In the background, Cavafy continues regardless of my impatience and borderline irritability. And suddenly stops. The words are on the tip of my tongue, but I can’t recall the rest of the poem. Not a word. I searched on the internet. I need to find it to calm myself down. I chose the audio version. As I listen to it, I will send that email
Sean Connery’s voice is so suggestive; Vangelis’s music and Cavafy’s poem slowly become dominant sounds in my head. A miraculous stimulus runs through my body. I need to sit down and listen to them. As I listen, Cavafy’s words start making sense for the first time.
In fact, there is one word, raat (rahat), which entered the Macedonian language through Turkish. It’s simply untranslatable because it is a complex of many nuances. At the same time, it means peace, tranquility, carefreeness, comfort, but in a form free from any, even the slightest, thought that could disturb that state. Pure enjoyment. In moments like these, I think I can feel the meaning of raat. I’m drawn to it. Like to Ithaka. My Ithaka. And the road begins with a sigh. I exhale and decide to postpone all my activities. My Ithaka is waiting for me.
Sometimes you really have to slow down and stop running through life; I think as if the hand of wisdom has touched me. I laugh at myself.

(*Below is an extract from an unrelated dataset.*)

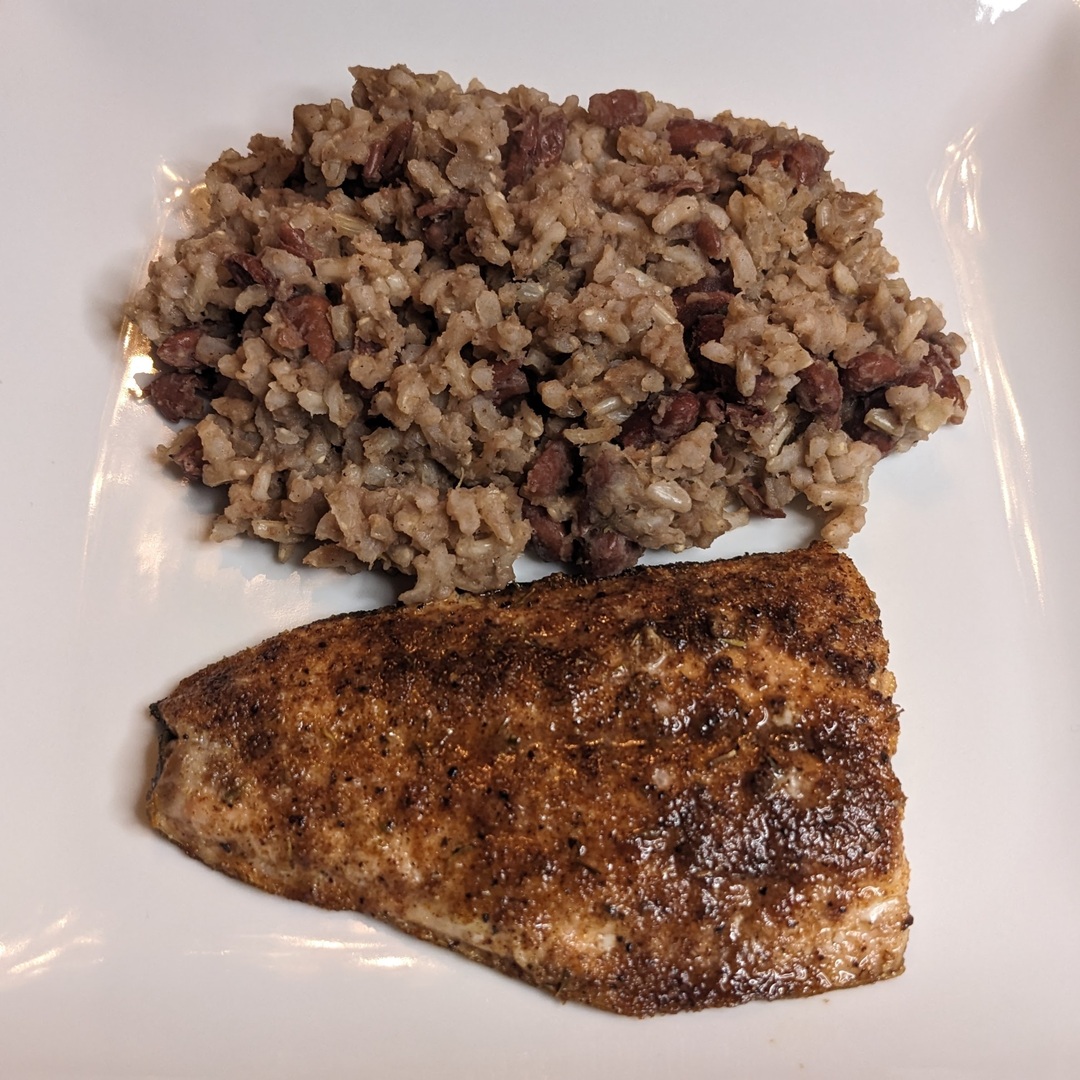 jamaican rice and peas with jerk salmon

In order to think and recognize your Ithaka and what it means to you, you need to slow down. That cortisol level needs to be reduced because the constant rush puts the mind and the body in an uncomfortable situation that can’t be managed in the long run. I’m adding a new practical dimension to this forgotten knowledge that haste intensified by enormous pointless pressure leads nowhere.
Cavafy gets to the point.
I have to admit, Cavafy, no matter how beautiful Ithaka is, the road leading there is more important. It can be more exciting, meaningful, and full of experiences and adventures if we just have to let them happen. We shouldn’t just rush to it because it will lose its meaning.
“But do not hurry the journey at all.
Better if it lasts for years,
so you are old by the time you reach the island
wealthy with all you have gained on the way,
not expecting Ithaka to make you rich.
Ithaka gave you the marvelous journey.
Without her, you would not have set out.
She has nothing left to give you now.
And if you find her poor, Ithaka won’t have fooled you.

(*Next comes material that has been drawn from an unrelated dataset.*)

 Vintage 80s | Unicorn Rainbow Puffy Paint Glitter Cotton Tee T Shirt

Wise as you will have become, so full of experience,
you will have understood by then what these Ithakas mean.”
*hurry sickness is a behavior pattern (not a diagnosable condition) characterized by chronic rushing and anxiousness and an overwhelming, persistent sense of urgency — even when there’s no need to be moving so fast. The term was coined by cardiologists Meyer Friedman and Ray Rosenman and popularized in their 1974 book, “Type a Behavior And Your Heart.”